Sensory data are very common nowadays. Every technological device you possess it is full of sensors that you or some app can use in order to get insights about your behavior. Normally, this kind of data is called time series data because it is recorded every tot seconds. The app that you are using or you if you know how to extract this type of data, might incur in some problems give how the data is recorded.
It is very likely that your data contains faulty or noisy measurements that pollute your data an and hinder you from working on possible machine learning tasks you want to apply to it. For instance, GPS sensors might be imprecise and the estimated position might jump between the African continent to the American one. The same happens for accelerometers and nearly all types of sensors. In addition, some measurements could be missing, e.g. the heart rate monitor might temporarily fail. Although a variety of machine learning techniques exist that are reasonably robust against such noise, the importance of handling these issues is recognized in various research papers.

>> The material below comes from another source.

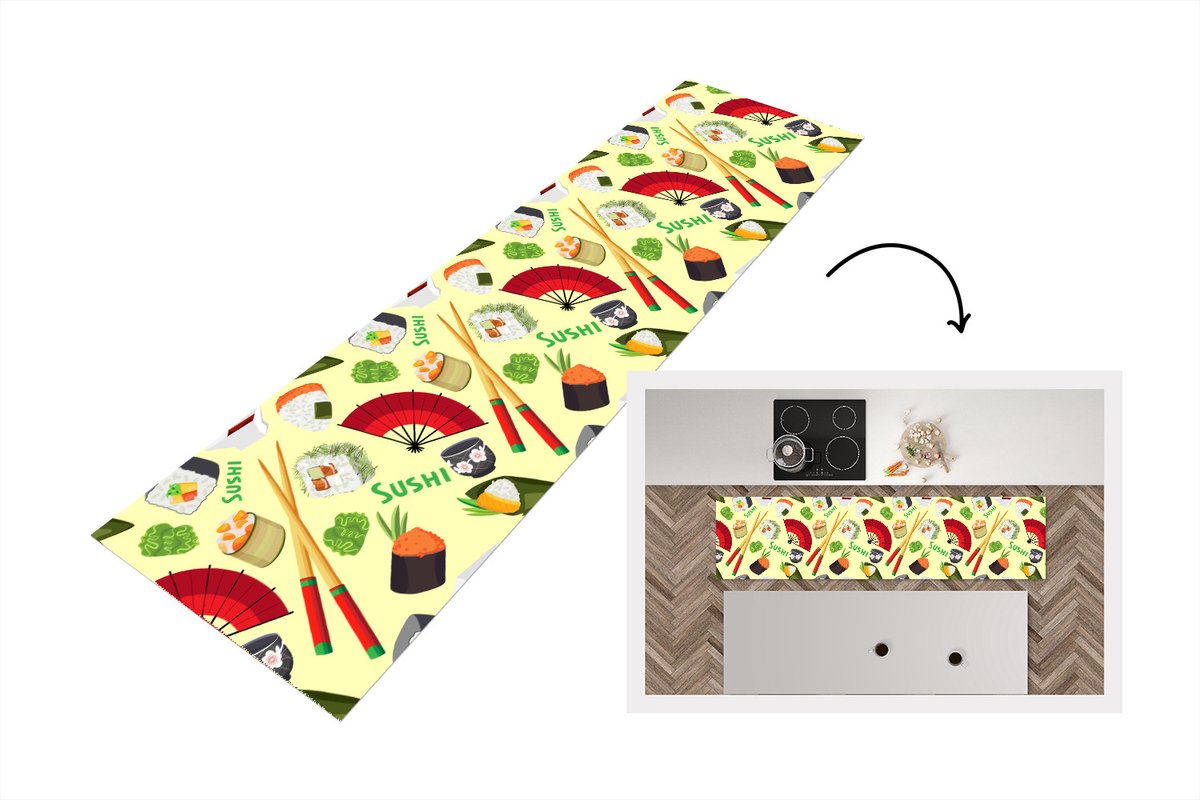 KitchenYeah Keukenloper - Loper keuken - Sushi - Japan - Patronen - 200x50 cm - Keukenloper vinyl Multicolor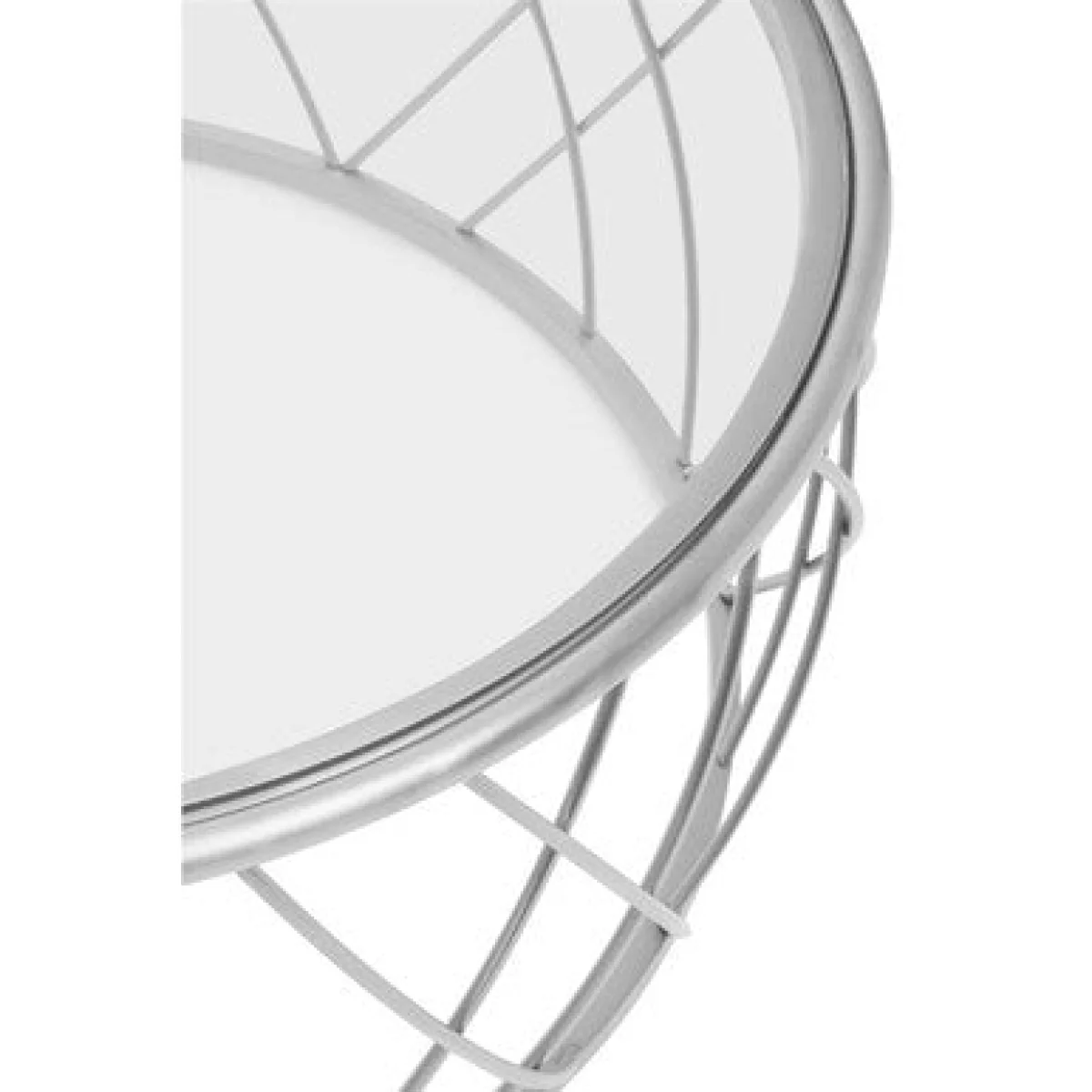 Ackley Clear Glass and Silver Finish Round Coffee Table – image 4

Three types of approaches exist that we can use (only on numerical attributes):
- We can use approaches that detect and remove outliers from the data.
- We can impute missing values in our data (that could also have been outliers that were removed).
- We can transform our data in order to identify the most important parts of it.
When you start to work with one dataset, there might be some extreme values that are very difficult to occur normally. These values are called outliers. When working with data from physical sensors, outliers are very common. Some approaches to mitigate these values can only handle single attributes, meanwhile, others can cope with complete instances.
We can have two types of outliers: those caused by a measurement error and those simply caused by the variability of the phenomenon that we observe or measure. For example, when measuring the heartbeat, a measurement of 400 would be considered a measurement error (unless the user is some kind of superhero), although a heart rate of 205 might be very uncommon but could simply be a measurement of the user trying to push his limits on a very hard sport (e.g. CrossFit). While we would clearly like to remove the measurement errors or replace them with more realistic values, we should be very careful not to remove the outliers caused by the variability in the measured quantity itself.
The easiest approach is to remove measurement errors based on domain knowledge. For example, we know that a heart rate can never be higher than 220 beats per minute and cannot be below 27 beats per minute (the current world record) . So, we remove all values outside of this range and interpret them as missing values. This will often be the right choice, but there are situations in which outliers are carrying crucial pieces of information, therefore there is the possibility that we filter out something that might change the world. Domain knowledge is not always accessible or sometimes it is unknown how to define outlier for a certain domain. When there is no domain knowledge, the outlier problem becomes an unsupervised task.
One approach for outlier removal is based on the probability distribution of the data. The data should follow a standard known distribution and we remove those that are outside of certain bounds of the distribution. These approaches are mainly targeted at single attributes.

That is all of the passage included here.